• EXCERPTED RECORDS:
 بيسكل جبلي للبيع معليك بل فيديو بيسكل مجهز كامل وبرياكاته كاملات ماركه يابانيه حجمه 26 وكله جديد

* * *

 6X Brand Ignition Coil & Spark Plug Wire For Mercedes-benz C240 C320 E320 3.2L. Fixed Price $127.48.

* * *

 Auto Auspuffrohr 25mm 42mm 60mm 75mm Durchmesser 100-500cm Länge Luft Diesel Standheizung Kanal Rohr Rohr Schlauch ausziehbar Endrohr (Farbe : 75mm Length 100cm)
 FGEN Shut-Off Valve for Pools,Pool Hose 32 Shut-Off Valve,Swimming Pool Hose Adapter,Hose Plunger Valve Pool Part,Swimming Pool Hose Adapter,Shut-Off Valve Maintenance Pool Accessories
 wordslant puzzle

• DESCRIPTION OF THE TASK:
From the line containing "FGEN Shut-Off Valve" down to the line containing "wordslant puzzle" in the material above, reproduce every line exactly, including the two end lines.

• EXPECTED ANSWER:
 FGEN Shut-Off Valve for Pools,Pool Hose 32 Shut-Off Valve,Swimming Pool Hose Adapter,Hose Plunger Valve Pool Part,Swimming Pool Hose Adapter,Shut-Off Valve Maintenance Pool Accessories
 wordslant puzzle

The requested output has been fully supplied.